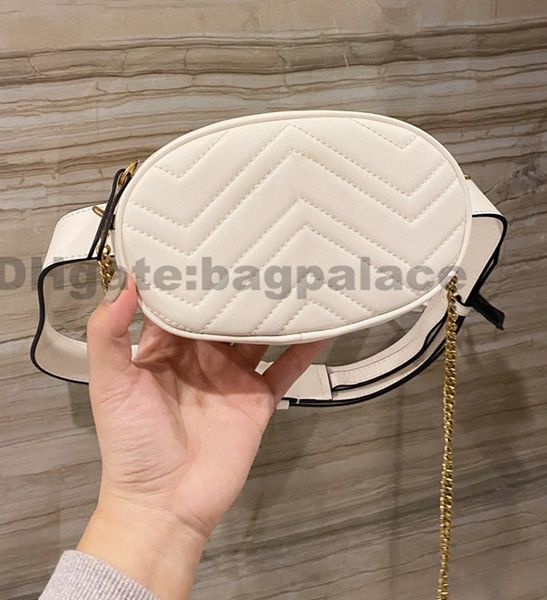 

2021 messenger waist bags black bumbag belt chest luxurys designers one shoulder mini pocket wholesale fashion women marmont handbags clutch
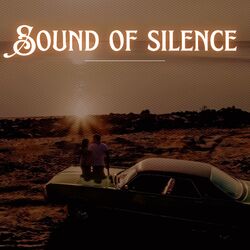 Sound of Silence Slowed Remix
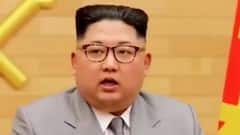 Kim Jong-un's STRANGE rule over wearing leather jacket | Sansani | 27 Nov 2021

◆ ◆ ◆ ◆ ◆ ◆ ◆

§ **REQUIREMENT**: Your answer should contain all the material above, written out exactly, and none of the pictures.

§ **RESULT FOR THIS TASK**:
2021 messenger waist bags black bumbag belt chest luxurys designers one shoulder mini pocket wholesale fashion women marmont handbags clutch
 Sound of Silence Slowed Remix
 Kim Jong-un's STRANGE rule over wearing leather jacket | Sansani | 27 Nov 2021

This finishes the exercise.